Warmer weather means less demand for heat. There’s a website called natgasweather.com that tracks the implications of weather forecasts on prices of natural gas.

As Barron’s reported at the end of November:

Natural-gas prices have been on the downswing despite initial expectations for a particularly cold winter. Cold weather caused prices to spike in late October and early November — they had reached as high as $2.86 — but worries about oversupply have caused prices to slip again. Unless the market recovers, this will be the first November since 2015 when the price was lower at the end of the month than at the beginning.

Natural gas supply outstrips demand

The New York Times also reported that supply is much greater than demand. On December 10, Chevron, the US’s second-largest oil company behind ExxonMobil, subtly mentioned at the end of a press release that it would be writing down $10 billion to $11 billion in assets, “more than half related to the Appalachia shale.”

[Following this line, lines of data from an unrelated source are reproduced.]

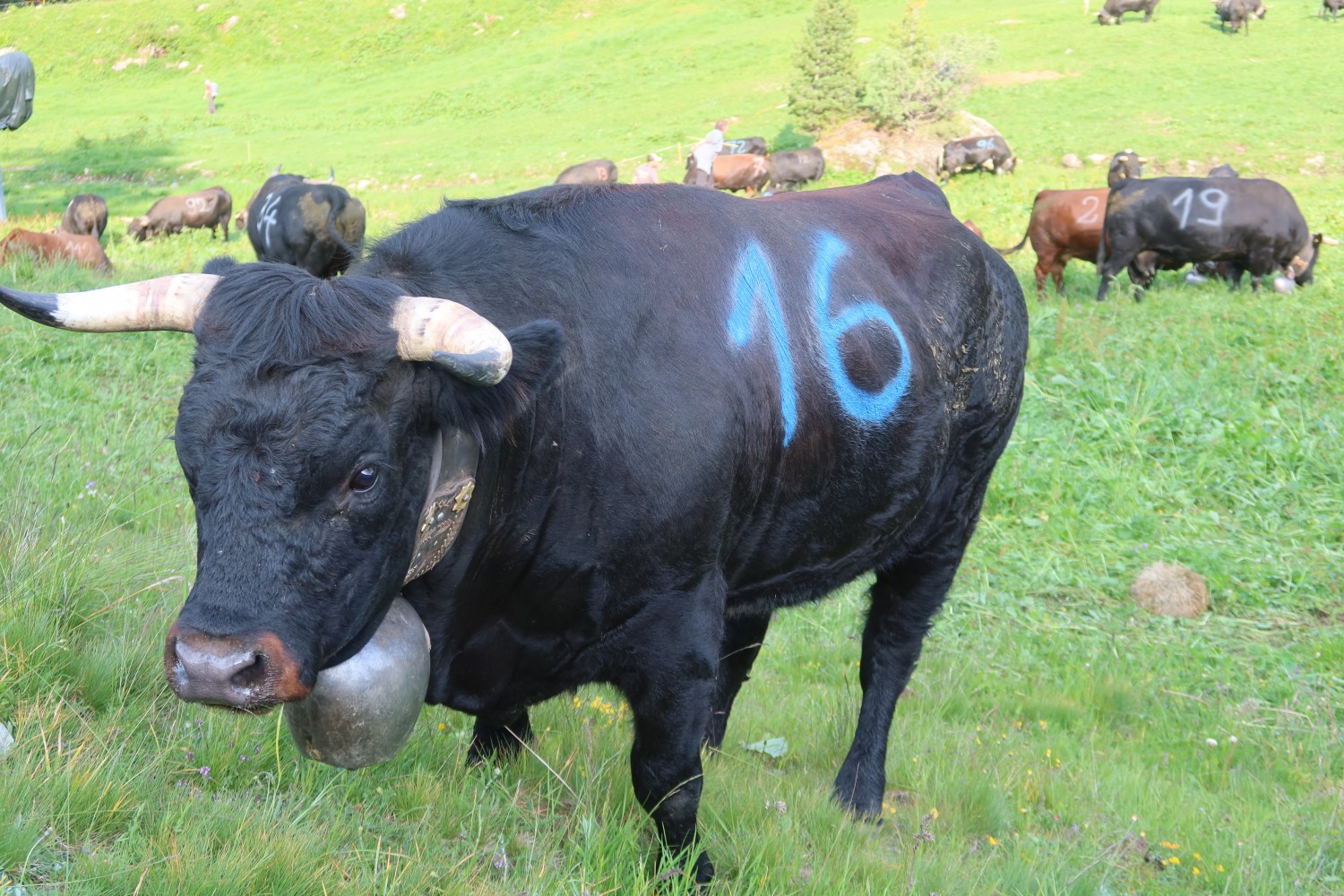 Les mardis de juillet et août 2024 - Raclette à l'alpage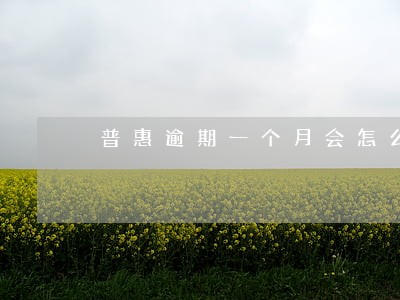 普惠逾期一个月会怎么样 普惠逾期一个月会怎么样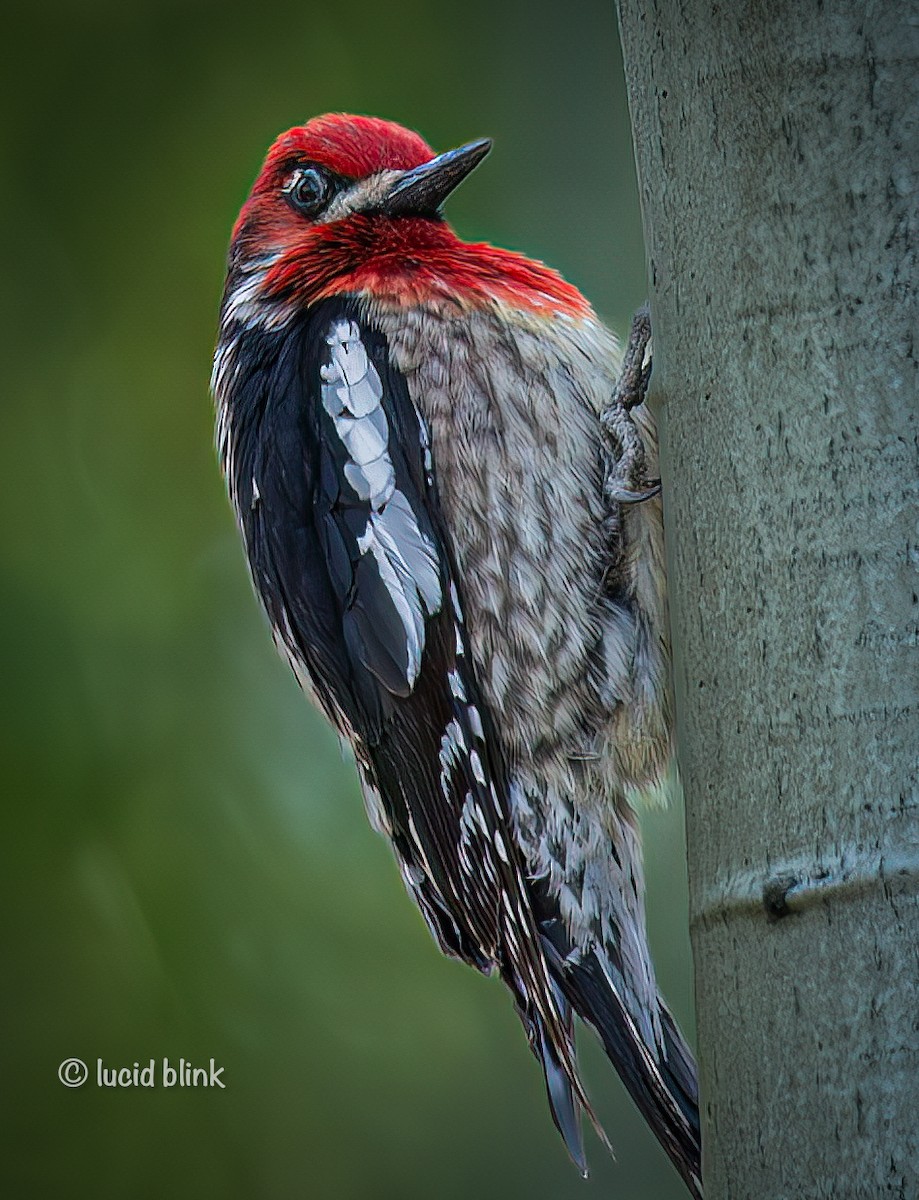 Red-breasted Sapsucker - ML620239211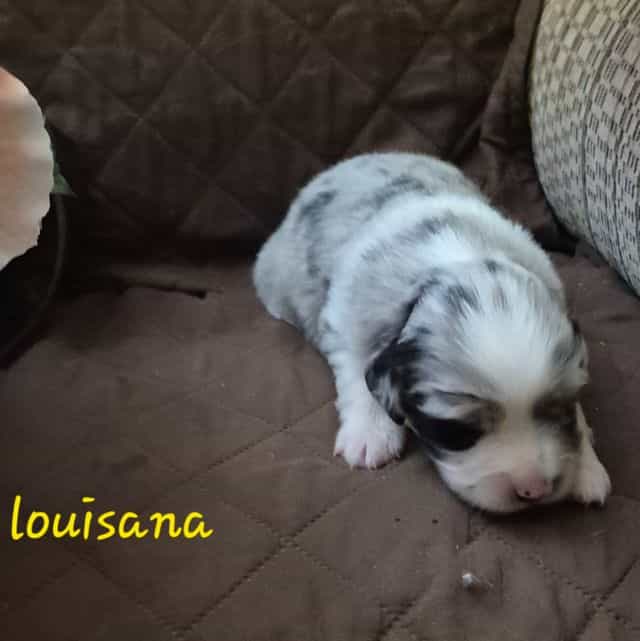 Louisana - Australian Shepherd Female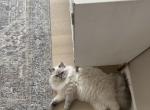 Jacques - Siberian Kitten For Sale - Denver, CO, US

The US Energy Information Administration (EIA) reported:

EIA forecasts the Henry Hub spot price to average $2.45/MMBtu in 2020, down 14 cents/MMBtu from the 2019 average. Natural gas production will grow much less in 2020 because of the lag between changes in price and changes in future drilling activity. Low prices in the third quarter of 2019 will reduce natural gas-directed drilling in the first half of 2020.

The number of gas rigs deployed nationwide has dropped to 132, from 184 in 2018. Further, the Times reports:

In a recent report, Morgan Stanley estimated that demand for natural gas would grow for a few years but fall 13% between 2020 and 2030 as utilities increasingly switch to wind and solar power. Future regulations or a carbon tax put in place by lawmakers worried about climate change could accelerate the transition to renewables.

And finally, cities are beginning to explore banning natural gas — or just banning it outright. Brookline, Massachusetts, recently became the first New England town to ban natural gas in new construction. Berkeley, California, outlawed it in July (Berkeley’s ban starts January 1, 2020) — the first US city to do so. Many other California cities followed suit.

A growing understanding of the environmental damage that emissions and fracking does, as well as concern for pipeline safety, has driven this push to ban gas at a local level. However, Massachusetts bans will likely be challenged in court.